• WHAT YOU SHOULD DO: From the listing below, copy only the lines from the line that contains "Now these companies" to the line that contains "From skim milk, by the pasteurization", counting those two lines as part of the copy.

• STORED DATA:

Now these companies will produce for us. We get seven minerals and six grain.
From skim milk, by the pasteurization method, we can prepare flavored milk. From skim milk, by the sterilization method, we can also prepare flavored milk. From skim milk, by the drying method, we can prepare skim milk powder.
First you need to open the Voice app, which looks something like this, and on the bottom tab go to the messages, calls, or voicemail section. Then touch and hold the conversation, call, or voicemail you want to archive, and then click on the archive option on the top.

==

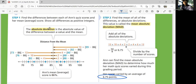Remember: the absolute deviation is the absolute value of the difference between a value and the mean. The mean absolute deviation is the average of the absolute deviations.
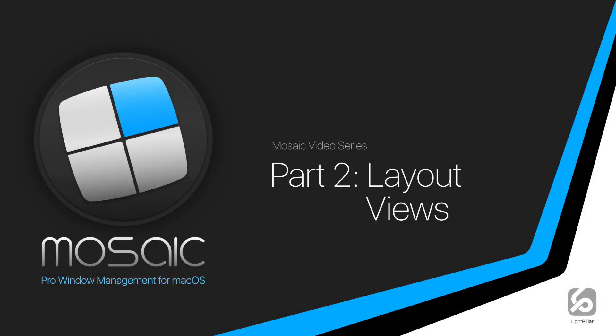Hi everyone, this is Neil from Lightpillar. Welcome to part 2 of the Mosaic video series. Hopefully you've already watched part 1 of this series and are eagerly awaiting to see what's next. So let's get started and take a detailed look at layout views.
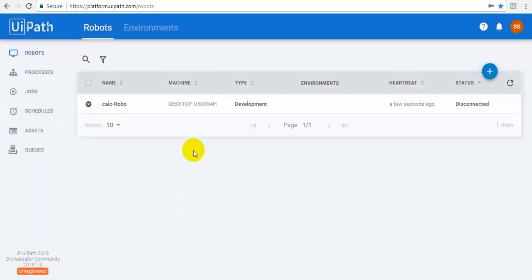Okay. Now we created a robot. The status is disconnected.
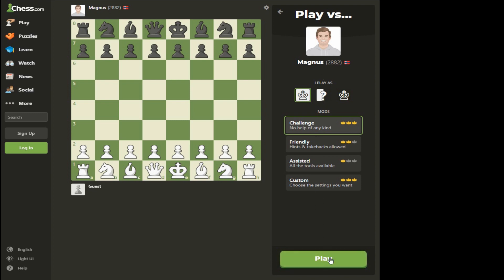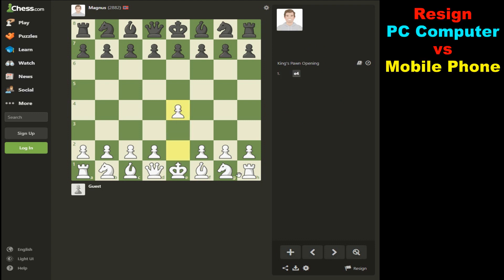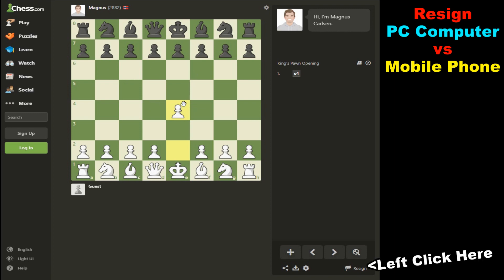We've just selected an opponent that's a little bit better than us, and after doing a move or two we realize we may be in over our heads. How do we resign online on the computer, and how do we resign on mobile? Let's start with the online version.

• RESULT OF THIS EXERCISE:
Now these companies will produce for us. We get seven minerals and six grain.
From skim milk, by the pasteurization method, we can prepare flavored milk. From skim milk, by the sterilization method, we can also prepare flavored milk. From skim milk, by the drying method, we can prepare skim milk powder.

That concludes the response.